# What you should do:
Print only the lines running from the line with "CIE シー DUCK" to the final line below, both included, exactly as written and without the pictures.

(Caption-style text data)
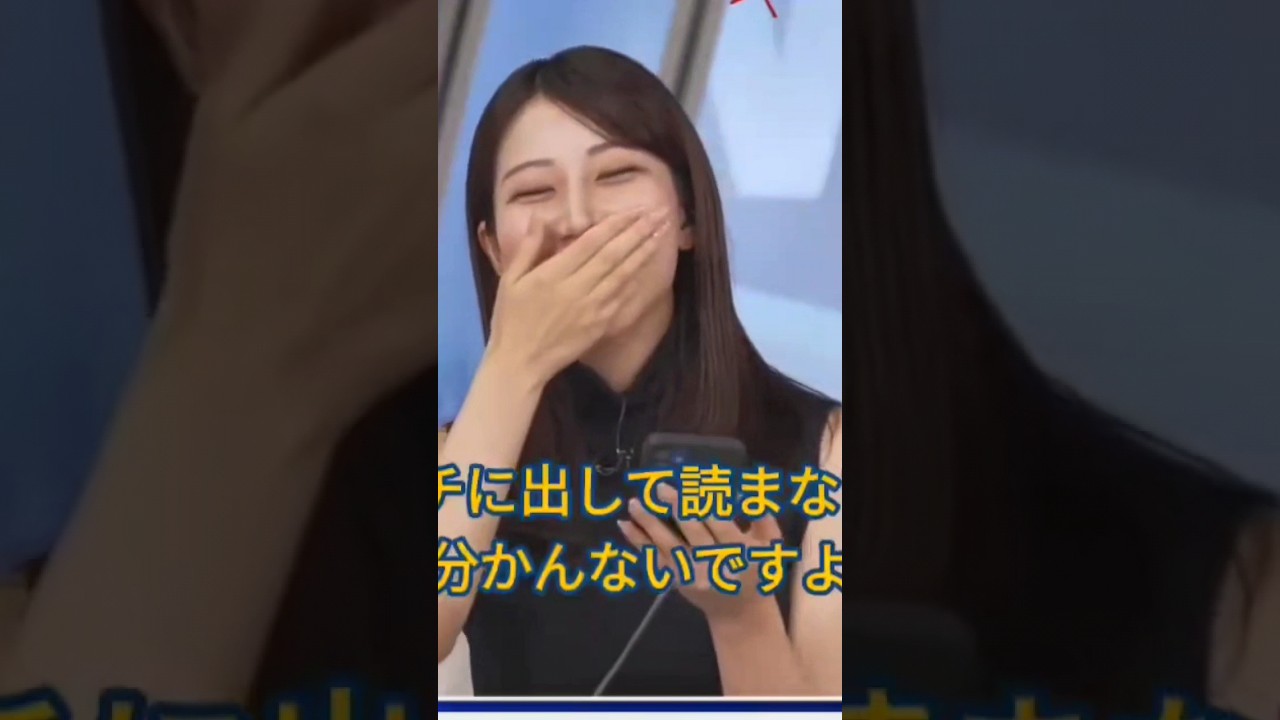 おまゆ視聴者を置いてけぼりにしてしまう【魚住茉由】 #shorts #wnl #切り抜き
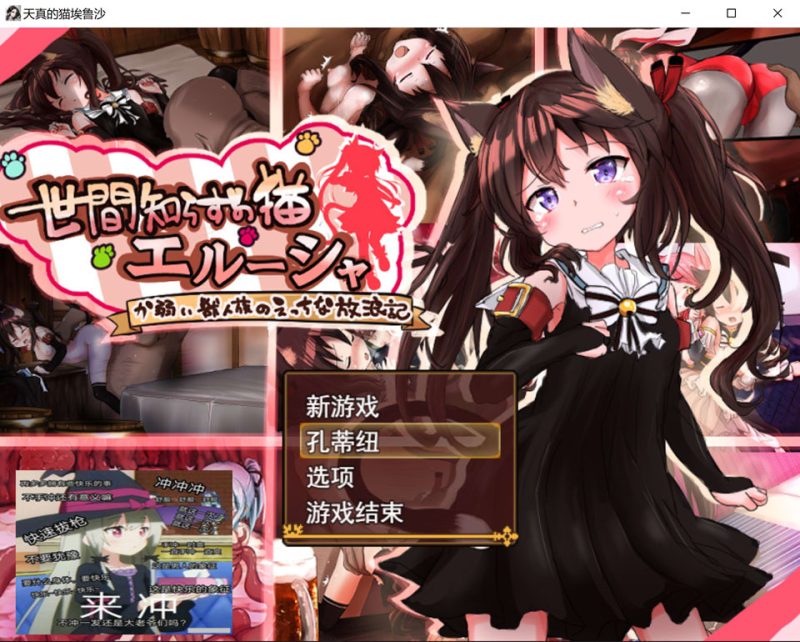 不谙世事的猫艾尔莎 Ver0.267 AI汉化版[新汉化/2.4G]-1288游戏网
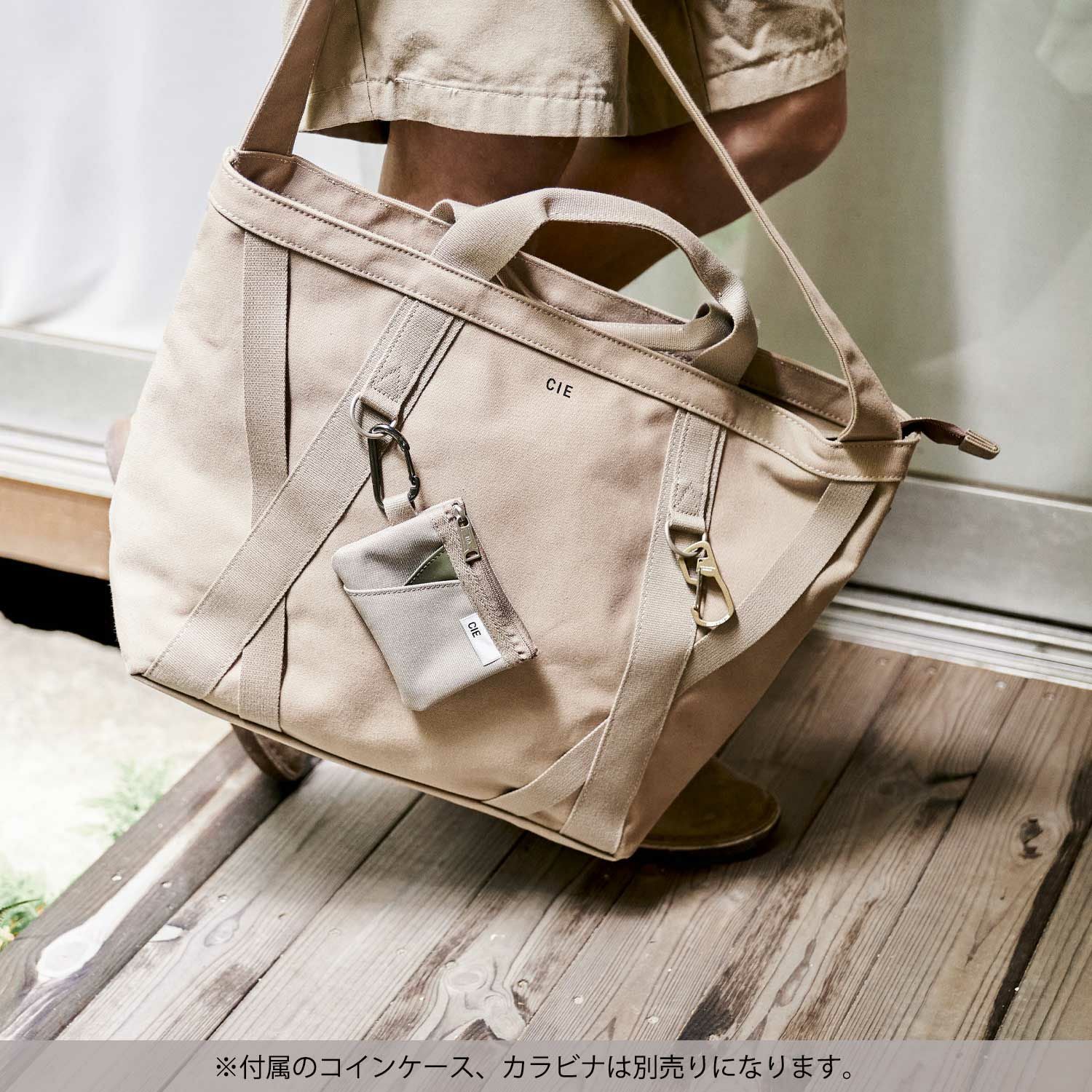 CIE シー DUCK CANVAS TOTE 2WAYトートバッグ 041800 | こだわりの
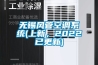 無錫風管空調系統(上新，2022已更新)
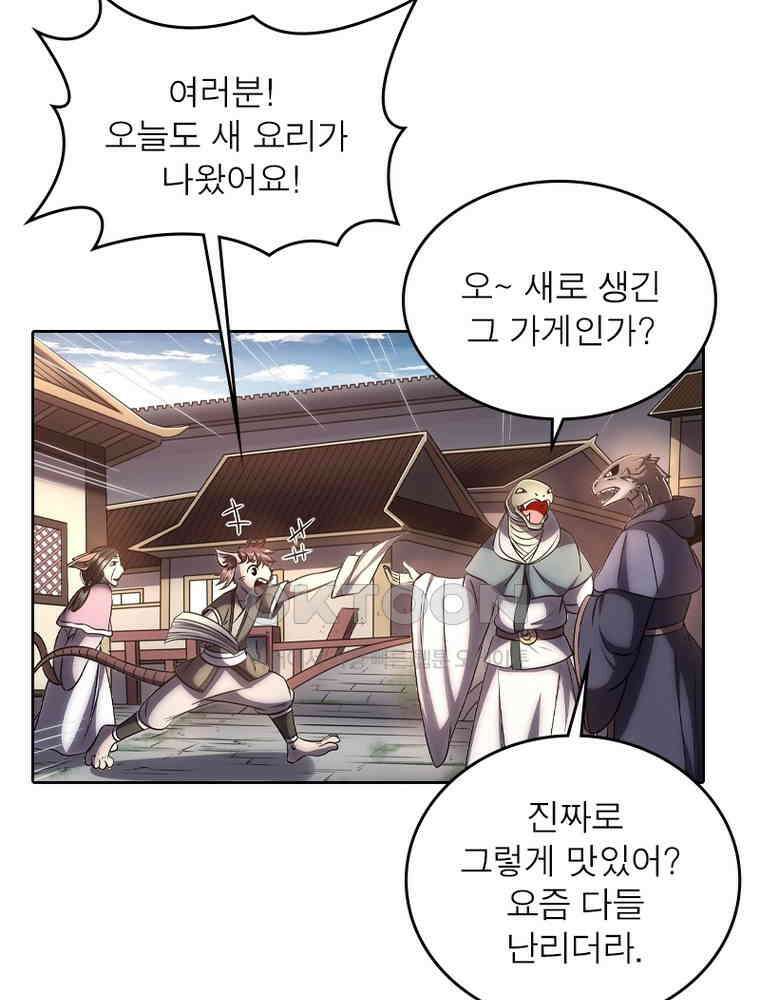정령사: 나타르 전기 시즌2 - 359화 8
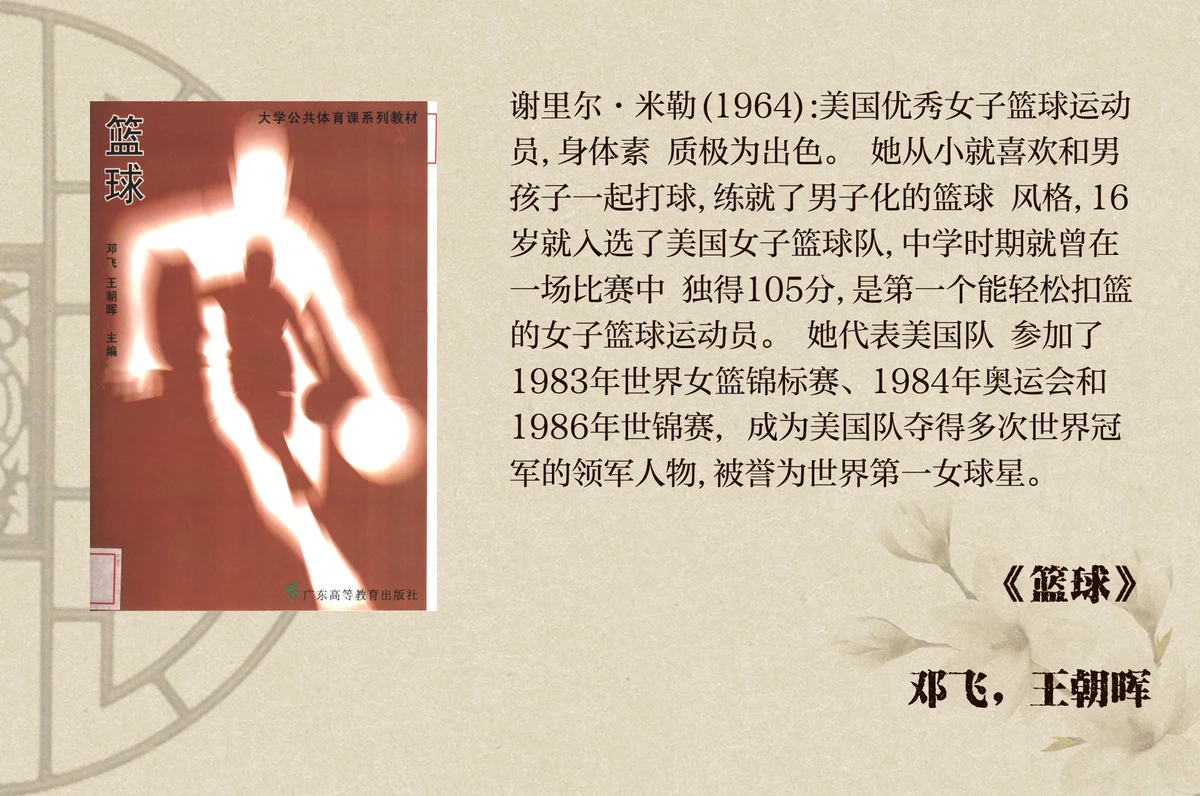 中年篮球爱好者的防守训练方案_0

# Solution to the problem:
 CIE シー DUCK CANVAS TOTE 2WAYトートバッグ 041800 | こだわりの
 無錫風管空調系統(上新，2022已更新)
정령사: 나타르 전기 시즌2 - 359화 8
 中年篮球爱好者的防守训练方案_0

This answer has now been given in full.